La dévalorisation profonde de la personne, la transformation d'« un rêve fracassé par l'insulte en cauchemar perpétuel », les expériences et les perceptions personnelles des femmes non reconnues comme « fondées sur un noyau de réalité », les mots sales pour chaque partie du corps féminins, la saleté et la mort, le sexe et la race, la haine sexualisée et les rituels d'humiliation du racisme, les viols sur une base raciale, la pollution de « la race supérieure », les camps de concentrations, l'infériorité enseignée, « L'infériorité nous est enseignée par des hommes érudits ; par des violeurs ; par des sadiques ; par des tortionnaires ; par des assassins. le motif central de cette pédagogie est la baise » (j'ajoute l'appropriation du travail gratuit des femmes), la capitulation de nombre d'écrivain·es, Graham Greene, Marguerite Duras, August Strindberg, Friedrich Nietzsche, Mario Vargas Llosa, Emile Zola, les psychanalystes, Sigmund Freud, Carl Gustav Jung, « La souillure des femmes est une présomption centrale de notre culture », la bite arrogante des mecs et le refus d'une analyse politique des façons dont le pénis est utilisé, les magazines féminins et les pratiques issues de la pornographie, l'inceste, les mutilations qui détruisent les capacités de réaction sexuelle, les « actes sadiques contre les corps des femmes sont tenus pour normaux »…

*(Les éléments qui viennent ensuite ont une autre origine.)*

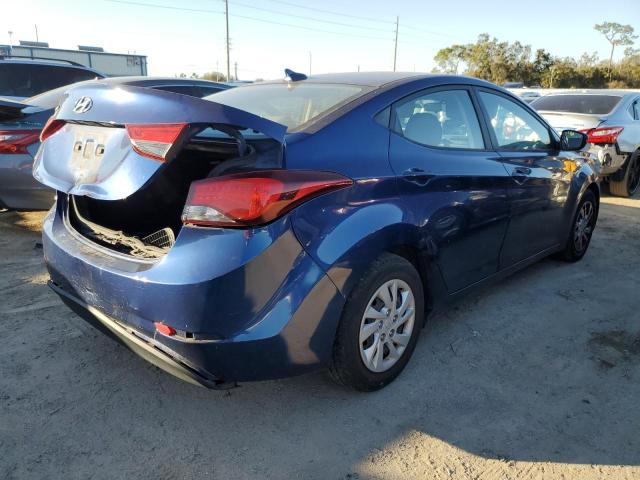 Photo 3 from auction – 2016 HYUNDAI ELANTRA SE with VIN 5NPDH4AE1GH771463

Si Andrea Dworkin n'euphémise pas la réalité, cela ne signifie cependant pas qu'elle exagère. Les éléments quotidiens de la vie sociale – ici la sexualité réellement pratiquée et socialement valorisée -, ne peuvent être sous-estimés, écartés, niés. Il convient, comme le fait l'autrice dans son admirable travail d'entrainer les lectrices et les lecteurs dans les profondeurs de la vie sociale, « aussi étrange, amère ou salissante que soit la plongée ».

Le titre de cette note est emprunté à Christine Delphy (préface au recueil de l'auteure, Souvenez-vous, résistez, ne cédez pas, précédemment publié chez les mêmes éditeurs/éditrices).
Comme nous le rappelle Andrea Dworkin : « La liberté n'est pas une abstraction, et en avoir un peu ne suffit pas »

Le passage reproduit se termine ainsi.